The long-term outlook for America isn't so great either, Friedman allows. India's specialized technology institutes are turning out battalions of software wizards. China is producing armies of engineers and scientists. They are all eager to work for wages that would violate labor standards in the U.S. but provide a nice middle-class income in their countries. Meanwhile, the fiber-optic cables that certain American companies obligingly laid across the Pacific Ocean shortly before going bankrupt are making it a snap to send offshore the jobs of accountants, software writers, radiologists, illustrators, journalists (gulp), and just about anyone else whose work is knowledge-based.

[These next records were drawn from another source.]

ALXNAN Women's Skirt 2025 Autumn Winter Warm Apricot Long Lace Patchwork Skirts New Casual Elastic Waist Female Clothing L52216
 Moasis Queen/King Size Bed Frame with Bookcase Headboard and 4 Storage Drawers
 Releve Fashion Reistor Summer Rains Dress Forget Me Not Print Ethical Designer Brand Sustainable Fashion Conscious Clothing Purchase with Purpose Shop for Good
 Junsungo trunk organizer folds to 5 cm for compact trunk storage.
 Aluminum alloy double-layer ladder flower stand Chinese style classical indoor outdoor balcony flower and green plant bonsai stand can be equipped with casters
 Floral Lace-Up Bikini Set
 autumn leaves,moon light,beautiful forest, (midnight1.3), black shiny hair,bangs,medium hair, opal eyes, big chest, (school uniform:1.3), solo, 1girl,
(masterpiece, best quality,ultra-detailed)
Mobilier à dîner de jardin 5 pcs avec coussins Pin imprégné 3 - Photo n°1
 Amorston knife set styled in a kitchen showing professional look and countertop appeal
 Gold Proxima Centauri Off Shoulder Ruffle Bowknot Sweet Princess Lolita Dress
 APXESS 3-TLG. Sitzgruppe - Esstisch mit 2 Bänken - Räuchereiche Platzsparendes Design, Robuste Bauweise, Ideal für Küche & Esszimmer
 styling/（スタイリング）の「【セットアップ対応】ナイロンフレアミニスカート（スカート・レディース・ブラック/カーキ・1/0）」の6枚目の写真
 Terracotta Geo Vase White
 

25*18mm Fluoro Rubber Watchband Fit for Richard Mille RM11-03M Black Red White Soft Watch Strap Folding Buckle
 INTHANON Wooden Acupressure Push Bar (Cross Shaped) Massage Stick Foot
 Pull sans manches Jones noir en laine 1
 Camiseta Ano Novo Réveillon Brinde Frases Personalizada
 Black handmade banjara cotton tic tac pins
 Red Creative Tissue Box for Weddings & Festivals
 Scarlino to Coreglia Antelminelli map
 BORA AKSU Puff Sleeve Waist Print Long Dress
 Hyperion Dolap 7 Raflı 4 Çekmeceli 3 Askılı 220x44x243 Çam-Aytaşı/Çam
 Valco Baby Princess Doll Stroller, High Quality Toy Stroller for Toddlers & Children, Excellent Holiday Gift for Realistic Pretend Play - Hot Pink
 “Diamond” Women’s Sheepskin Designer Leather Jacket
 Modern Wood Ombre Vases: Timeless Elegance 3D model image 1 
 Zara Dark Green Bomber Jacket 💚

Oddly, Friedman so badly wants to see all the nifty techno-change as a positive force that, when he contemplates the effects on American jobs and wages, he says his mind keeps telling him: "Ricardo is right, Ricardo is right, Ricardo is right." Friedman is alluding to David Ricardo, the 18th century British economist who came up with the theory of comparative advantage, which should assure Americans of some kind of meaningful work. In theory.
Friedman's ambivalence prompts him to visit the oracles of the major think tanks of Washington, and he concludes that the savior for our unemployed software engineers is...education. The solution, which Friedman likens to JFK's goal of putting a man on the moon, "is to put every American man and woman on campus." The problem is that more and more PhD grads in the sciences and engineering are foreigners who increasingly return home to write our software and design the next killer app.
So what, realistically, can be done? One of the better solutions is wage insurance, an excellent idea that has been kicking around Washington for a while. It would supply displaced workers starting on a new job with a year or so of income supplement. In today's flattened economy, it's possible for skilled workers to find new jobs, after all -- just not ones that pay as much. Friedman calls this expansion of the safety net "compassionate flattening."
To be fair, I wouldn't think of skipping one of Friedman's op-ed columns in the Times. He never shrinks from the biggest problems and the thorniest issues. The World Is Flat is no less ambitious. At the least, our imaginary laid-off cab driver can reassure himself that he's hardly alone.